Black Tad Investments CC (respondent) was the registered owner of Holding No 48, Steynsvlei Agricultural Holdings. On 25 September 2013, it launched eviction proceedings against alleged illegal occupiers. Mogale City Local Municipality (appellant) was cited as a party but elected not to participate. On 7 November 2014, Tshabalala J granted an unopposed order requiring the municipality to provide a list of occupiers requiring emergency accommodation and file a comprehensive report within 30 days regarding the availability of alternative/emergency accommodation. The municipality failed to comply timeously, only filing a vague, inadequate report on 30 January 2015 which conceded that occupiers lived in deplorable conditions and eviction would likely render them homeless. Despite this concession and further correspondence, the municipality failed to engage meaningfully with the occupiers or provide a proper plan for emergency accommodation. The respondent then sought a declaratory order that the municipality owed the occupiers a statutory and constitutional obligation to provide emergency accommodation under the Emergency Housing Programme (EHP).
The appeal was dismissed with costs including the costs of two counsel. The court a quo's structural interdict was upheld, declaring that the municipality owed the occupiers a statutory and constitutional obligation to provide emergency accommodation and that it had failed to make adequate provision for such accommodation.
A municipality owes occupiers facing eviction a statutory and constitutional obligation to provide temporary emergency accommodation in terms of the Emergency Housing Programme (EHP), which obligation flows from section 26 of the Constitution, the Housing Act 107 of 1997, and the National Housing Code. This duty exists irrespective of whether the eviction is sought under PIE or ESTA. The municipality must have a plan to address the needs of occupiers facing the danger of being rendered homeless as a result of eviction. The municipality must engage meaningfully with occupiers and provide a comprehensive report to the court dealing with the eviction application to enable the court to assess whether it is just and equitable to grant an eviction order. A structural interdict is appropriate relief where a municipality has failed to comply with its constitutional and statutory obligations to provide emergency housing. Affidavits in application proceedings serve the purpose of both pleadings and evidence, and parties must clearly raise all defences in their answering affidavits; belated defences not raised below constitute impermissible trial by ambush.
The court observed that evictions in South Africa are a serious social problem influenced by the socio-economic and political milieu, the poverty of the majority of the population, and the deleterious system of apartheid. The court stated that owners of land, occupiers and the state (particularly municipalities) must focus on finding collective solutions to this social ill. The court noted that the order of the court a quo may appear to be wide, but explained this was appropriate given the municipality's indifference, defiance and non-cooperative attitude. The court also made general observations about the purpose of pleadings in defining issues for parties and the court, emphasizing that trial by ambush is impermissible.
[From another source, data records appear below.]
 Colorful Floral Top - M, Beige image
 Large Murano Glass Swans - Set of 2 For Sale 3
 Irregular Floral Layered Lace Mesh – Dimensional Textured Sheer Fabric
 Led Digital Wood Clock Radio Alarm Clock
This case reinforces the positive obligations on municipalities under section 26 of the Constitution to provide access to adequate housing, particularly in eviction contexts. It confirms that municipalities have a duty to have contingency plans for persons facing eviction and to engage meaningfully with occupiers to prevent homelessness. The case establishes that this duty exists regardless of whether eviction proceedings are brought under PIE or ESTA. It affirms the appropriateness of structural interdicts as a remedy where municipalities fail to discharge their constitutional and statutory housing obligations. The judgment emphasizes that eviction is a serious social problem requiring collective resolution by landowners, occupiers and the state. It demonstrates the courts' willingness to enforce positive constitutional obligations on state organs and hold them accountable for non-compliance with court orders. The case is significant in the development of South African eviction and housing jurisprudence following Government of RSA v Grootboom and other key Constitutional Court decisions on socio-economic rights.